# 25mm tails in garage



## theedge147 (May 6, 2011)

hi all, cannot get to the bottom of this so some expert help would be appreciated. i am moving a consumer unit from a garage into the house for an elderly lady. the debate is all about the 25mm tails. from the meter to the consumer unit is around 15m. i thought these tails could be run in YT3 along the garage wall. now another electrician is saying it must be armoured cable. what are the rules for this as i appreciate my method would mean the 15m run would not be protected by RCD. but supply cables are never protected by RCD , right??


----------



## Dennis Alwon (May 9, 2009)

I moved this thread to the UK forum so hopefully someone from there can help.


----------



## Specialist (Nov 18, 2011)

theedge147 said:


> hi all, cannot get to the bottom of this so some expert help would be appreciated. i am moving a consumer unit from a garage into the house for an elderly lady. the debate is all about the 25mm tails. from the meter to the consumer unit is around 15m. i thought these tails could be run in YT3 along the garage wall. now another electrician is saying it must be armoured cable. what are the rules for this as i appreciate my method would mean the 15m run would not be protected by RCD. but supply cables are never protected by RCD , right??
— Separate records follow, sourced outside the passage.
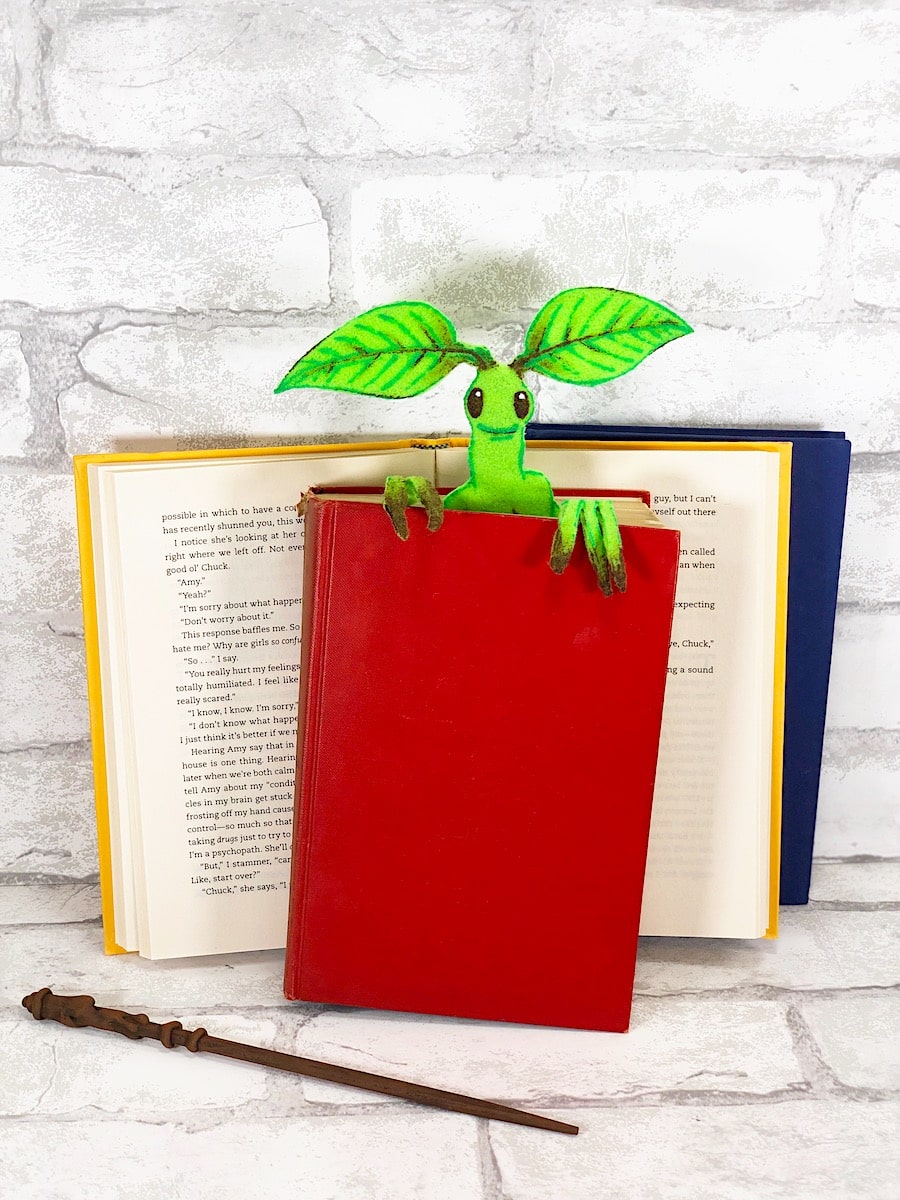 Bowtruckle Craft In Red Book With Wand on white background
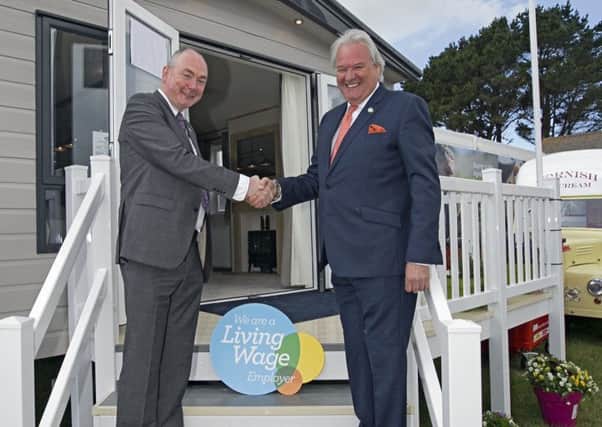 PatrickLangmaid15       06/06/19
Padstow holiday park owner Patrick Langmaid (left) has landed a £600,000 contract to a UK caravan manufacturer - because it believes in paying its staff a living wage. 
Mother Ivey's Bay Holiday Park will take delivery of 25 luxury holiday homes from the firm ABI, which recently became a member of the Living Wage Foundation charity. 
Patrick pictured here with ABI's Chairman, Mel Copper (right).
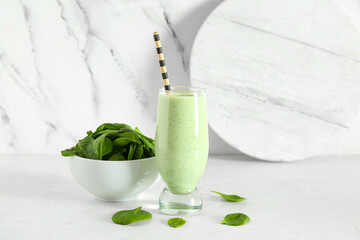 Glass of fresh smoothie and bowl with spinach on white background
Hi: Before anything else, are you Part P & 17th edition qualified ? also if you look in the regs or On Site Guide all information you require should be in there.


----------



## webelec (Dec 9, 2010)

Specialist, I wouldn't be worried if he's 17th edition qualified more that he's a qualified or approved electrician generally.

theedge147: I would say SWA is a good idea, but you will also need to install a switch fuse in the garage. The DNO will only allow between 2 and 3mtrs of tails to be run from their meter to a consumer unit on their own fuse. Tails will only need to be RCD protected if they are part of a TT system or if they are buried less than 50mm. I take it you want to run the cables in trunking inside the garage?


----------



## Specialist (Nov 18, 2011)

webelec said:


> Specialist, I wouldn't be worried if he's 17th edition qualified more that he's a qualified or approved electrician generally.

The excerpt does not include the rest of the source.